How much do several service laundrettes in Portugal cost? Well, as an example, I used a self-service laundrette in Portugal in July 2019 and the prices were as follows:
- Light wash at 20 °C- €3 (30 minutes)
- Wash at 30 °C- €4 (30 minutes)
- Wash at 45 °C- €4.50 (30 minutes)
- Wash at 60 °C- €5 (30 minutes)
Tip: Self-service laundrettes sometimes have different sized machines and the smaller ones (which is all you’ll probably need) are usually slightly cheaper.
Drying was extra and was charged at €0.10 per minute, so €1 for 10 minutes. On the plus side, I didn’t have to pay for washing powder which would have cost several Euros and would have been difficult to carry around.
Total cost: €4 + €1.50 for drying = €5.50 Total time taken: around 45 minutes.

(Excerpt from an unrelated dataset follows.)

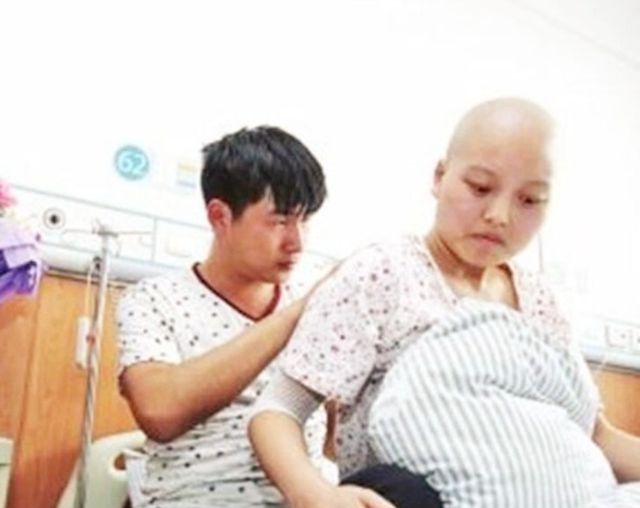 資料大全正版資料八百圖庫(kù),男生被女友咬一口手后疼進(jìn)醫(yī)院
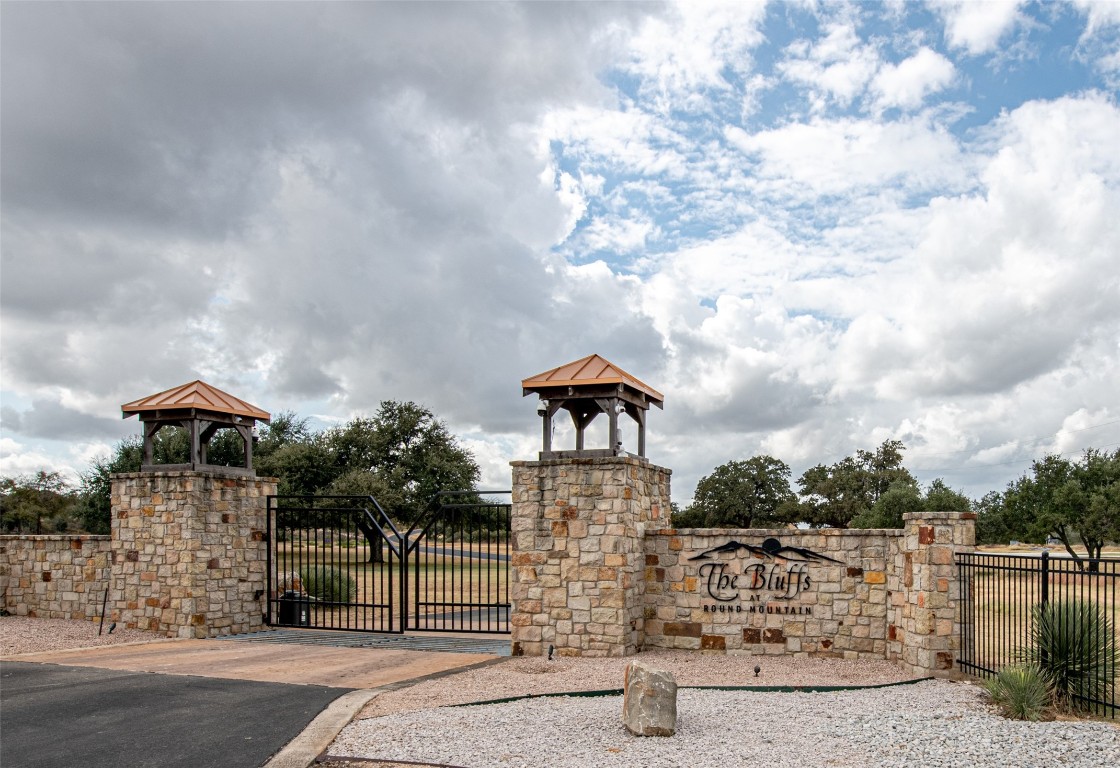 470 Comanche Ridge Round Mountain, TX 78663 - Photo 6 of 25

Most laundrettes are pretty pretty similar to each other, but here are some interesting ones that I’ve found on in Portugal:
- Laundry & Lockers (Porto) – Unique business that combines storage lockers and washing machines along with free wifi – just what every traveller needs.
- Laundry Lounge (Sagres, Algarve) – Bar & Café with laundry machines where you can relax over a beer or grab a coffee and catch up on some work while you wait for your laundry to be done.

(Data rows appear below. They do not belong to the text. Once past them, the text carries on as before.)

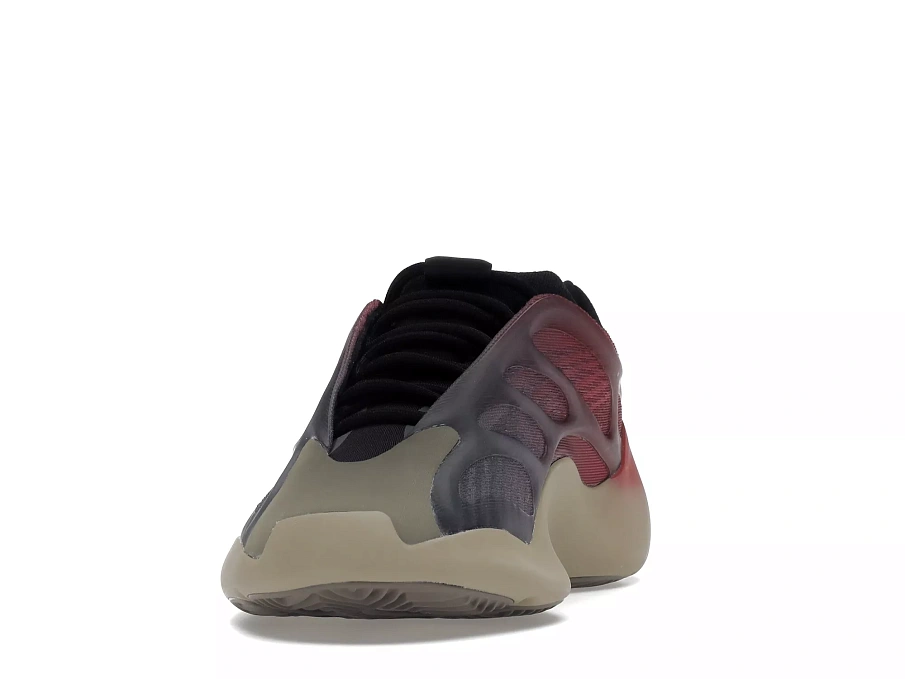 Фото № 2 с приближением к товару «‎adidas Yeezy 700 V3 Fade Carbon»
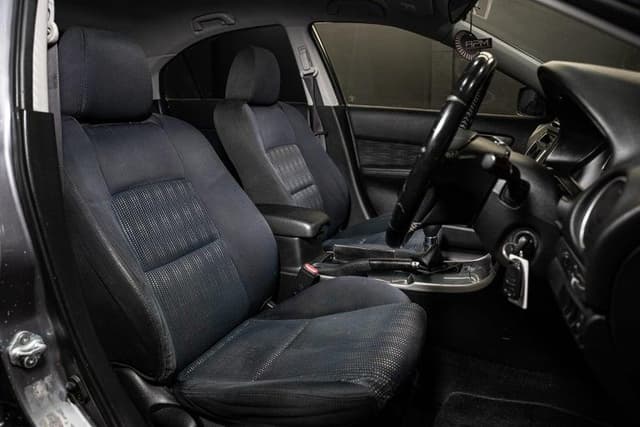 2006 Mazda Atenza JDM car for sale — photo 15 of 17
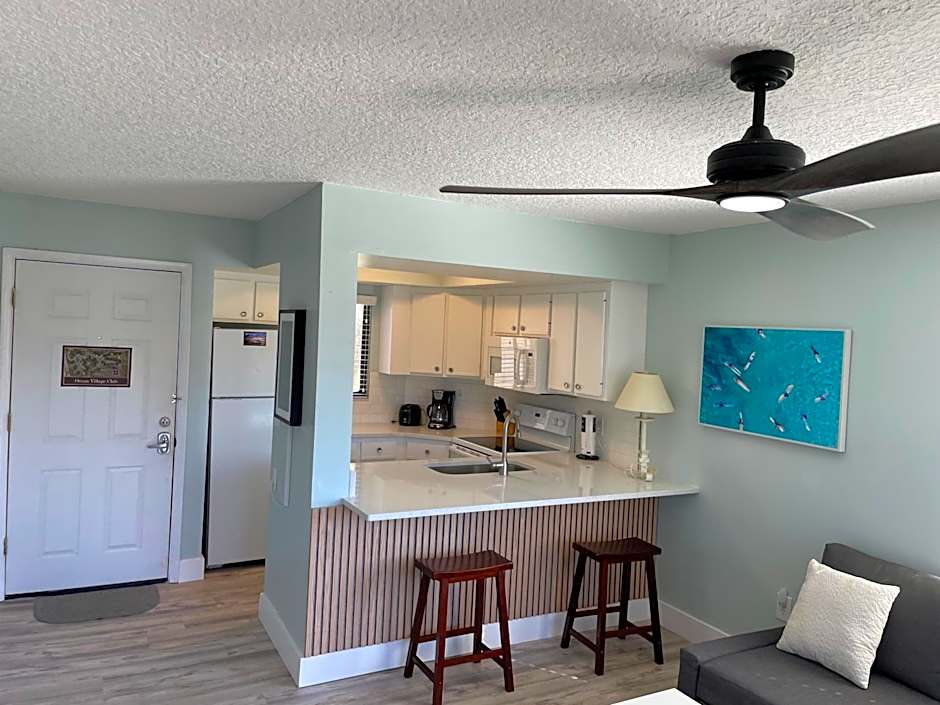 Ocean Village Club B-17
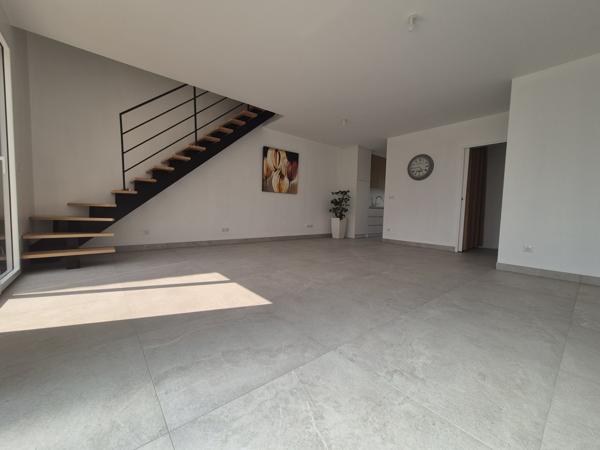 Coignières (78310) Maison Neuve proche Le Mesnil Saint Denis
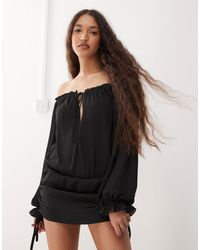 Lioness - Sevigny - robe courte à encolure bardot en mousseline avec jupe froncée et liens noués sur l'avant - Lyst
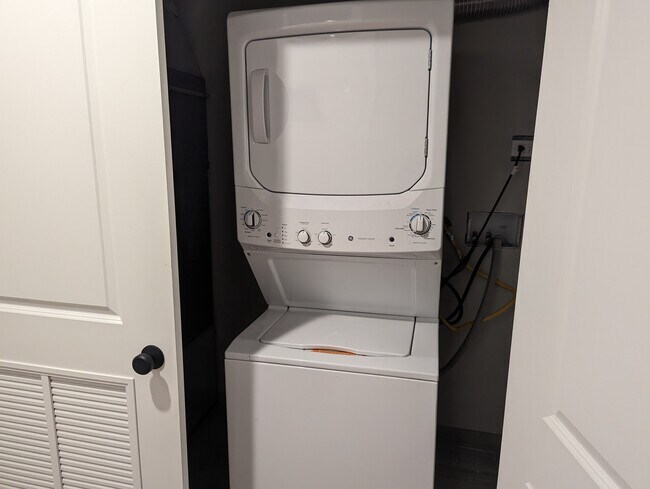 Building Photo - 4409 N Seeley Ave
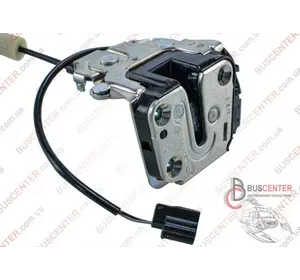 Замок боковой правой сдвижной двери Renault Master 825020011R Замок боковой правой сдвижной двери Renault Master 825020011R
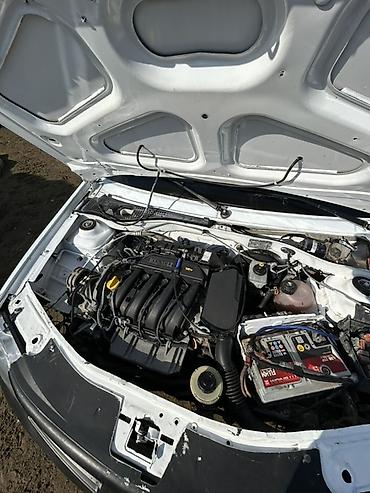 Renault: Renault Logan (ağ sedan) - Kuzov: 4 qapılı sedan, ağ rəng, qara — 7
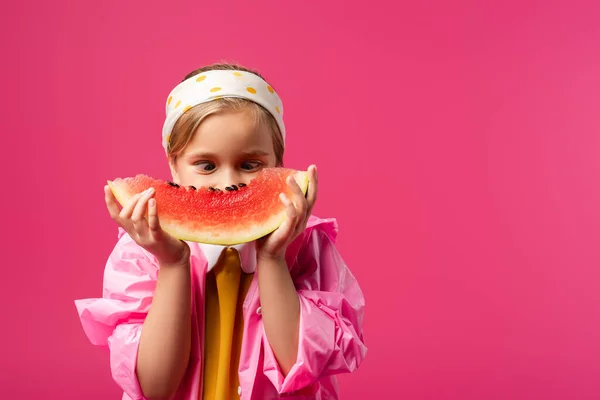 Meisje Regenjas Bedekking Gezicht Terwijl Kijken Naar Watermeloen Geïsoleerd Karmozijn — Stockfoto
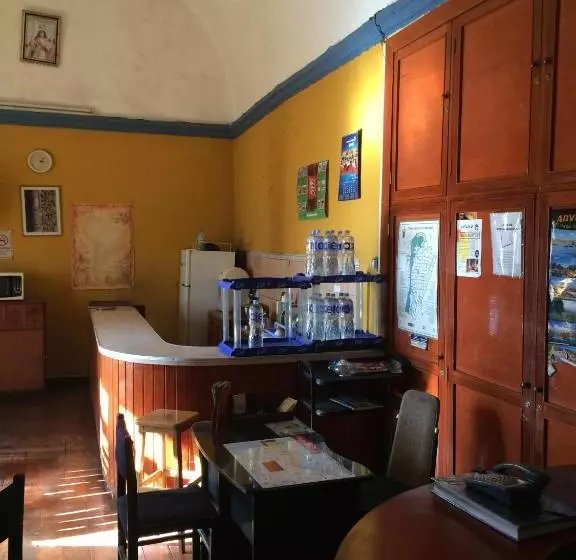 پانسیون Hostal Santa Catalina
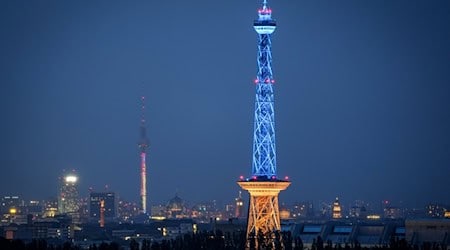 In den Farben der Ukraine, in blau und gelb, leuchtet der Funkturm auf dem Messegelände. / Foto: Kay Nietfeld/dpa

Go to a drop off/pick up laundrette
In some parts of the world, like Asia, laundrettes are incredibly cheap: often a dollar per kilo. Unfortunately, Portugal isn’t one of those countries. It’s not prohibitively expensive, but there are definitely cheaper options.
Of course, going for this option as opposed to the self-service option does mean that you don’t have to sit in a laundrette for an hour and that may be worth it for a lot of people. So, how much should you expect to pay? Prices vary, but seem to be roughly €5 per kilo.

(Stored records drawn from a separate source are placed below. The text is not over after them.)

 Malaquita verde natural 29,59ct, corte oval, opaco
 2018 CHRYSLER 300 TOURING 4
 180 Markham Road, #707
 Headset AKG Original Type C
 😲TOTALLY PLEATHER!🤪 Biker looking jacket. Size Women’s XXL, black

Aside from cost, the other downsides to using a laundrette is that the people at the laundrette might not speak English and it’ll actually take longer than using a self-service machine – although you won’t have to sit around to wait for your clothes to be done.
Wash your clothes in the sink (cheapest option)
It wasn’t that long ago in Portugal that most clothes were washed by hand, usually in concrete basins that sat outside the homes in the street. These days, most homes have washing machine but you can still buy hand-washing soap (called sabão roupa) in the supermarkets very easily.
There are a few downsides to washing your clothes in the sink, aside from the fact that it isn’t usually as effective as using a washing machine. Firstly, clothes usually take a bit longer to dry. Secondly, you need somewhere to hang them out and that isn’t always easy when you’re staying in a hotel or hostel room. (Tip: Amazon actually sell travel clothes lines, although a long piece of string would also suffice.)
Still, it’s very cheap and that hand-washing soap not only fits nicely in your rucksack but having it in there will keep your clothes smelling fresh as well.